◆ **Data extracts**:

------------

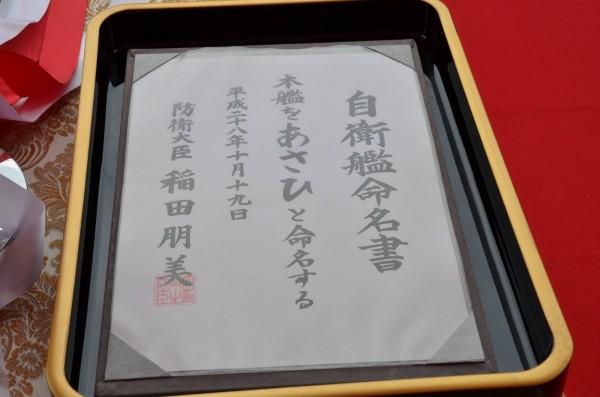 防卫大臣稻田朋美为朝日号颁发命名书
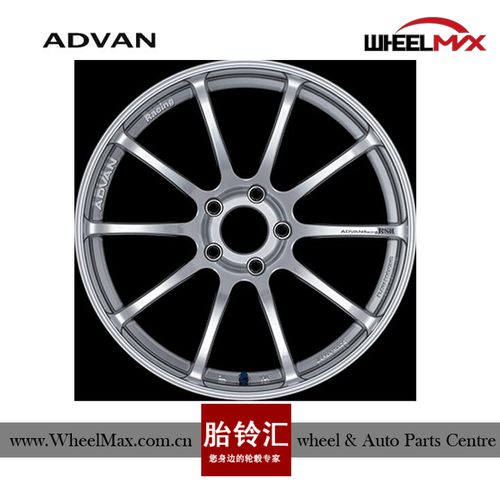 advan rs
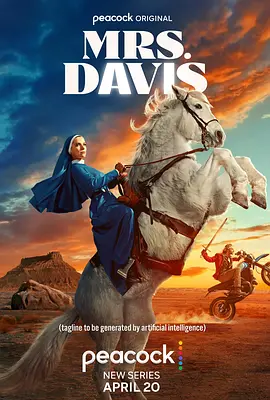 《戴维斯夫人 Mrs. Davis》 (2023) 【科幻悬疑/黑色喜剧/美国】全8集 1080P 内嵌中英字幕 | Peacock平台脑洞神剧×修女VS人工智能×信仰科技终极博弈 | 全集6.1G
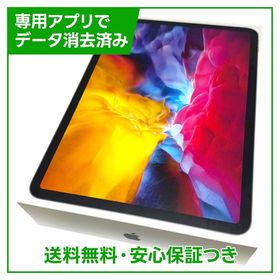 iPad Pro 11 第2世代(2020発売) 128GB 新品 78,000円 中古 | ネット最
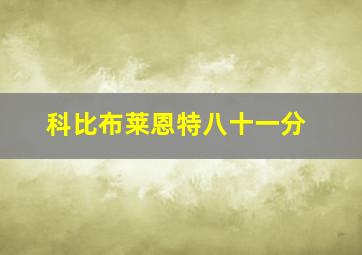 科比布莱恩特八十一分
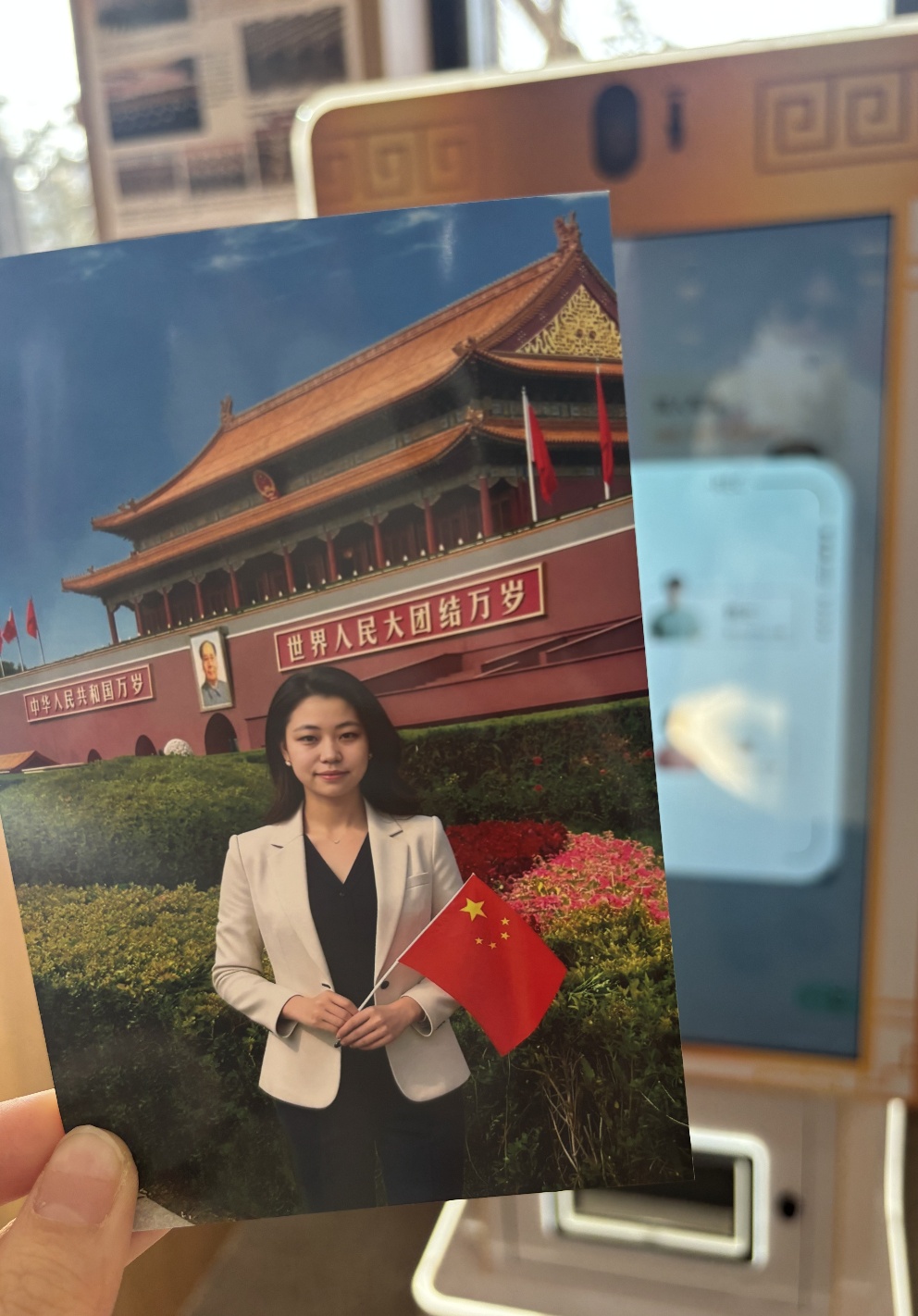 天安门广场推出马年春节旅游攻略!如何预约?附升降旗日历—— 天安门广场推出马年春节旅游攻略!如何预约?附升降旗日历——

------------

◆ **What you should do**:
Copy out the records exactly. Do not include the pictures.

◆ **Result of this exercise**:
 防卫大臣稻田朋美为朝日号颁发命名书
 advan rs
 《戴维斯夫人 Mrs. Davis》 (2023) 【科幻悬疑/黑色喜剧/美国】全8集 1080P 内嵌中英字幕 | Peacock平台脑洞神剧×修女VS人工智能×信仰科技终极博弈 | 全集6.1G
 iPad Pro 11 第2世代(2020発売) 128GB 新品 78,000円 中古 | ネット最
 科比布莱恩特八十一分
 天安门广场推出马年春节旅游攻略!如何预约?附升降旗日历—— 天安门广场推出马年春节旅游攻略!如何预约?附升降旗日历——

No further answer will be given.